More than two years have passed since Audi unveiled its second-generation R8 supercar, which migrated from its former Lamborghini Gallardo underpinnings to those of the mightier Huracán. The current high-water mark among roadgoing R8s is the viciously quick, 610-hp V10 Plus coupe, which we have fully vetted in Euro-spec form, in a comparison test, and at Lightning Lap.

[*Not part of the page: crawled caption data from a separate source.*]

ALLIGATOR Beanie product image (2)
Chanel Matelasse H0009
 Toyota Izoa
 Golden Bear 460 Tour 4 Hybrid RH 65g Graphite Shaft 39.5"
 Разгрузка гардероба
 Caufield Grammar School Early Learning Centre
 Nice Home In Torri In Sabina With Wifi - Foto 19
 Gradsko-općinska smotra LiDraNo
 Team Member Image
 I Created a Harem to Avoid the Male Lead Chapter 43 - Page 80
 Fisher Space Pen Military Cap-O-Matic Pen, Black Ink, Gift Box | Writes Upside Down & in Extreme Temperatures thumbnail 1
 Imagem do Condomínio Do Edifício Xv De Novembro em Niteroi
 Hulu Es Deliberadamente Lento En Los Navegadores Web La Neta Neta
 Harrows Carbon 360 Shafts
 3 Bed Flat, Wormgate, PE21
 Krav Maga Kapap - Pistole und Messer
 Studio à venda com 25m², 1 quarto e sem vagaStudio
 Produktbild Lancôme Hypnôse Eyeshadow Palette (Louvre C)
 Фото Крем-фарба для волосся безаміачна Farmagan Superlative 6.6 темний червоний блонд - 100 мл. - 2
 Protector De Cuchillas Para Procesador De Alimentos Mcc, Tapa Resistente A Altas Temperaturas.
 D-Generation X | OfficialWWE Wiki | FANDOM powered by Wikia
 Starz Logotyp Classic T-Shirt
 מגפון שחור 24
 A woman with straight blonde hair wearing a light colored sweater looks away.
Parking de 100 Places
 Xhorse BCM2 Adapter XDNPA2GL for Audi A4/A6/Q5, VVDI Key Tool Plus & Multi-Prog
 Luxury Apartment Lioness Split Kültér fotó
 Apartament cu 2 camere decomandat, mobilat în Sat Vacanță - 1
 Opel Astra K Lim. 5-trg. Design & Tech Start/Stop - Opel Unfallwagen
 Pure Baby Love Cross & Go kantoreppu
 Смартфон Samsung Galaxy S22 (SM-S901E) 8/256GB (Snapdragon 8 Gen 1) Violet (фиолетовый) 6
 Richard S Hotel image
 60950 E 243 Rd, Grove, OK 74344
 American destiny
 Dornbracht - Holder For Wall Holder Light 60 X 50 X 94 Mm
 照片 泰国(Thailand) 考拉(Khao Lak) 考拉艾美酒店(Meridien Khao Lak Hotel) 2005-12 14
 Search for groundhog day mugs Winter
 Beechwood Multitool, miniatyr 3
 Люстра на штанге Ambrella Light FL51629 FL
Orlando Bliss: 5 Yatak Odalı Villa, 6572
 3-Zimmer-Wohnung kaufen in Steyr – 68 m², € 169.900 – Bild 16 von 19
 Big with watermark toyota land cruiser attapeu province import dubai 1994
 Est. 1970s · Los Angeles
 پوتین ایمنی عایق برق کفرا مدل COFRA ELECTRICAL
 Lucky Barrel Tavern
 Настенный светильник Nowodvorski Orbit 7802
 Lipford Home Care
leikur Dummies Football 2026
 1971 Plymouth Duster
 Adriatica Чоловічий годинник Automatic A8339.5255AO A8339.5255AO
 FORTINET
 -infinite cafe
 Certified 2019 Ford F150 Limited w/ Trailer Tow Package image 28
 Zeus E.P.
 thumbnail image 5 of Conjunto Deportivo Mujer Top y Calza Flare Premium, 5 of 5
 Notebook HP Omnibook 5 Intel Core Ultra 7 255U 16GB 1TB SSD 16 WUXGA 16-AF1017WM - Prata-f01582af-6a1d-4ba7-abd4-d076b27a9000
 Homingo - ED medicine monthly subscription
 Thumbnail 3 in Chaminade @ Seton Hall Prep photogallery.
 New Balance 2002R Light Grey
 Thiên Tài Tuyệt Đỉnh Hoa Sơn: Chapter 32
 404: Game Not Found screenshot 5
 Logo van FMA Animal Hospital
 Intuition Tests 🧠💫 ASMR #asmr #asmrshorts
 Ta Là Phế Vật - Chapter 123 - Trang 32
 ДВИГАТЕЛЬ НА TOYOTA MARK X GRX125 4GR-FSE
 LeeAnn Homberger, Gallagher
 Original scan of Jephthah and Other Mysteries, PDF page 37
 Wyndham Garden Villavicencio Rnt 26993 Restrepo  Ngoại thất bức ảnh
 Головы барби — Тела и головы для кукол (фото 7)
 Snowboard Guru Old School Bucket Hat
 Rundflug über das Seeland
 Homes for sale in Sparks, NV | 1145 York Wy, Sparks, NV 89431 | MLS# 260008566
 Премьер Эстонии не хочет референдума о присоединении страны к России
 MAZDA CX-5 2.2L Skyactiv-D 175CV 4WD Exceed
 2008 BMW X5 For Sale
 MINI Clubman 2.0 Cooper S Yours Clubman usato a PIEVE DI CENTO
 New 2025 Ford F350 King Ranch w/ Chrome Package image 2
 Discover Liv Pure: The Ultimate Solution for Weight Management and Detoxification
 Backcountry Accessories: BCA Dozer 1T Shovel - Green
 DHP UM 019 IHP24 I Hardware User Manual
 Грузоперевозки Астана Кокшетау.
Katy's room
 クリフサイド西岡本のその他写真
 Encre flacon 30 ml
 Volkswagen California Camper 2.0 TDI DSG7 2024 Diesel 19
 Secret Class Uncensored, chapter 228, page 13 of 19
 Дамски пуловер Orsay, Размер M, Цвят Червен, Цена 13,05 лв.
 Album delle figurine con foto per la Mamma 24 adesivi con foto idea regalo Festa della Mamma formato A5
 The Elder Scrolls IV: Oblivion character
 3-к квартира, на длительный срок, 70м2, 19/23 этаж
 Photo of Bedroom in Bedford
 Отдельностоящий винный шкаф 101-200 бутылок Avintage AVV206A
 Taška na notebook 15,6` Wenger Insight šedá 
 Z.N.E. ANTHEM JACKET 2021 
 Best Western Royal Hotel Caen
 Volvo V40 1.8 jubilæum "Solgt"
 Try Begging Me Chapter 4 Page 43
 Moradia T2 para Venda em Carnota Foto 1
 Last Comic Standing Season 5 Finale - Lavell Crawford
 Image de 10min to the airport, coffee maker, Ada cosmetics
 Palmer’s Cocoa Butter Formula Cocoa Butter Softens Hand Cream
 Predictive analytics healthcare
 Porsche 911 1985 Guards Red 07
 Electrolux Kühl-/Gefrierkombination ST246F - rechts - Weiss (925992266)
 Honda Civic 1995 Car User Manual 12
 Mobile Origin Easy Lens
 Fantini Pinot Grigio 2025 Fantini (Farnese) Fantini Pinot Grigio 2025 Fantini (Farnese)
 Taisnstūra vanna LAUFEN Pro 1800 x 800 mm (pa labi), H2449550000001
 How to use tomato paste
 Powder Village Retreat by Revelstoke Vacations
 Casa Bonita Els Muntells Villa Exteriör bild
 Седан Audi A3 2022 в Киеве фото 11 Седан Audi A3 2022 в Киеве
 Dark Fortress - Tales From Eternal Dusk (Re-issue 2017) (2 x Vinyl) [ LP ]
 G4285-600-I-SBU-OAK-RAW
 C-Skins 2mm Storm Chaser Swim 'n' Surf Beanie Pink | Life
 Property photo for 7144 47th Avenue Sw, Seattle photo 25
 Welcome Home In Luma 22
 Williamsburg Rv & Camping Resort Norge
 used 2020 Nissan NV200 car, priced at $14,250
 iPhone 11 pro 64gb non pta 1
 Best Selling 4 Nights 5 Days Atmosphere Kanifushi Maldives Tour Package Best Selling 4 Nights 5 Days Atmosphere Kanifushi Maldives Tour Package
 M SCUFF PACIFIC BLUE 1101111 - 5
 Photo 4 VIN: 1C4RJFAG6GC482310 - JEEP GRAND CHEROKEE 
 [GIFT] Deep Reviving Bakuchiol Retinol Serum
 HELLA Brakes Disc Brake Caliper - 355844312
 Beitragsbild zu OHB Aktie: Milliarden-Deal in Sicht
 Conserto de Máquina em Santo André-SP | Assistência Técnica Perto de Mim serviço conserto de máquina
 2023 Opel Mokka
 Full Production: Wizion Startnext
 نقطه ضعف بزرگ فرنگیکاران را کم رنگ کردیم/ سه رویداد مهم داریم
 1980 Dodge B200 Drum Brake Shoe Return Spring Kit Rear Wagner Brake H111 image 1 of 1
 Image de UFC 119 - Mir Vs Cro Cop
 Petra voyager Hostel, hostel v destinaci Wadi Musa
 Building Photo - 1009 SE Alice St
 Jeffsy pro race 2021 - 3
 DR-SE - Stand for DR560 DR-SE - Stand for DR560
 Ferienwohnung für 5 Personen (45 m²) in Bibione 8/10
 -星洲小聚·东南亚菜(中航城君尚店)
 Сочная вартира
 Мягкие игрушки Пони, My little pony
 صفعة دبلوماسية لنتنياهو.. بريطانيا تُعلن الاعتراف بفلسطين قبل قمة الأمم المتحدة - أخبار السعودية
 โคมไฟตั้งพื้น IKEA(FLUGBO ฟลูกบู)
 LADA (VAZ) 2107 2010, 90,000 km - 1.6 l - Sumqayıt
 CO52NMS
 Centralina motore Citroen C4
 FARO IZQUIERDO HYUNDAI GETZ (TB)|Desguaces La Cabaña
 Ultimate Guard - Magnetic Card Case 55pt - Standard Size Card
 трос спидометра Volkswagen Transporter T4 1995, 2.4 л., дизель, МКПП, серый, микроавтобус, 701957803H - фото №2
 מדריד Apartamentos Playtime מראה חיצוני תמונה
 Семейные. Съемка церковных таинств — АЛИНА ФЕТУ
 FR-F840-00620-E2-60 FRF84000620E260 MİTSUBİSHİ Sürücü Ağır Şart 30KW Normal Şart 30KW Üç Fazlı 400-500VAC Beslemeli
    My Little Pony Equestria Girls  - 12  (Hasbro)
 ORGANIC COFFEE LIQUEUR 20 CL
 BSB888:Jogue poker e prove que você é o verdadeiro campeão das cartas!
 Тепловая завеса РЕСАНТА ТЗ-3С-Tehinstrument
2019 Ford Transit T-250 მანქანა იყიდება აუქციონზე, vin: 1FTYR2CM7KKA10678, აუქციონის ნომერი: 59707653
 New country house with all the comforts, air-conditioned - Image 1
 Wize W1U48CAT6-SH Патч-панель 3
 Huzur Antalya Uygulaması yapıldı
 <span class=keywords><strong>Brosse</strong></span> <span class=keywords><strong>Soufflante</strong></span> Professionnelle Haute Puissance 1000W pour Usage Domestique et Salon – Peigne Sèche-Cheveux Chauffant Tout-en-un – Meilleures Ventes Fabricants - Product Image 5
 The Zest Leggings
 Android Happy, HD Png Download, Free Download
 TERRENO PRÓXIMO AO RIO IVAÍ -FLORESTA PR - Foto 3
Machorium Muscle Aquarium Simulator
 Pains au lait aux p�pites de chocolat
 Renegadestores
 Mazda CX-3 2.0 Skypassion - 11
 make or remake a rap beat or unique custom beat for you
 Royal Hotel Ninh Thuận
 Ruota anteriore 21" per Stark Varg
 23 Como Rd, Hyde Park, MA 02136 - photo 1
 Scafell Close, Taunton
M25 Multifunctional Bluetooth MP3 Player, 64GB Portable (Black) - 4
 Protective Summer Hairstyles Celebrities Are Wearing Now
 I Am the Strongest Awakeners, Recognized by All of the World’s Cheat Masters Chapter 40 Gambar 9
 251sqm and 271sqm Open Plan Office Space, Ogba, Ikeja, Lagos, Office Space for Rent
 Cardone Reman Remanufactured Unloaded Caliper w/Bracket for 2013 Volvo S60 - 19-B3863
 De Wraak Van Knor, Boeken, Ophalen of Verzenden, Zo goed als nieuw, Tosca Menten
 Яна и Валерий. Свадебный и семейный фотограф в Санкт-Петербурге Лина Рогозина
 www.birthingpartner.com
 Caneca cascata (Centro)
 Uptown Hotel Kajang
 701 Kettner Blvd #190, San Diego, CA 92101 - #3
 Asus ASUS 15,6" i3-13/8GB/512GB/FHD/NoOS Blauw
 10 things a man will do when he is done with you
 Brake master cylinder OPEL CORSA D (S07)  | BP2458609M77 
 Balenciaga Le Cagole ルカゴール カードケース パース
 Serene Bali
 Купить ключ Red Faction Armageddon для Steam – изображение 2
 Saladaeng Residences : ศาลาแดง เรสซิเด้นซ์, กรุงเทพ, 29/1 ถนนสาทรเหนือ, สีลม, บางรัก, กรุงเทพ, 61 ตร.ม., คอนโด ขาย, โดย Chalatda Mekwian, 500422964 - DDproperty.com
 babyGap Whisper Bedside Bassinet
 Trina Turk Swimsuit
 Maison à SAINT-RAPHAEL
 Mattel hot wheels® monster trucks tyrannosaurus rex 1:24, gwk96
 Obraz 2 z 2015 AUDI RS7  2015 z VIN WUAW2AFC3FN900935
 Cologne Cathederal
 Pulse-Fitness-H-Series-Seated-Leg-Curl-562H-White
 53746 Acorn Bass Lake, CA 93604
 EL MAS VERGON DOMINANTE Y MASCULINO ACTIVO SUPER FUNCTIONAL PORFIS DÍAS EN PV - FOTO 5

This test represents the first time we’ve strapped our test equipment to the new-for-2017 R8 Spyder, which initially is offered only with the R8’s base 540-hp V-10. We haven’t previously tested this powertrain in any R8. (A 610-hp V10 Plus Spyder is coming in 2018, and other powertrains are planned for both body styles.) After experiencing the Plus model so often, would a 540-horse R8 feel inadequate? We also wondered if the soft roof would be accompanied by a softer character, considering that all R8s with this version of the engine ride on adaptive magnetorheological dampers instead of the sport suspension found in the V10 Plus.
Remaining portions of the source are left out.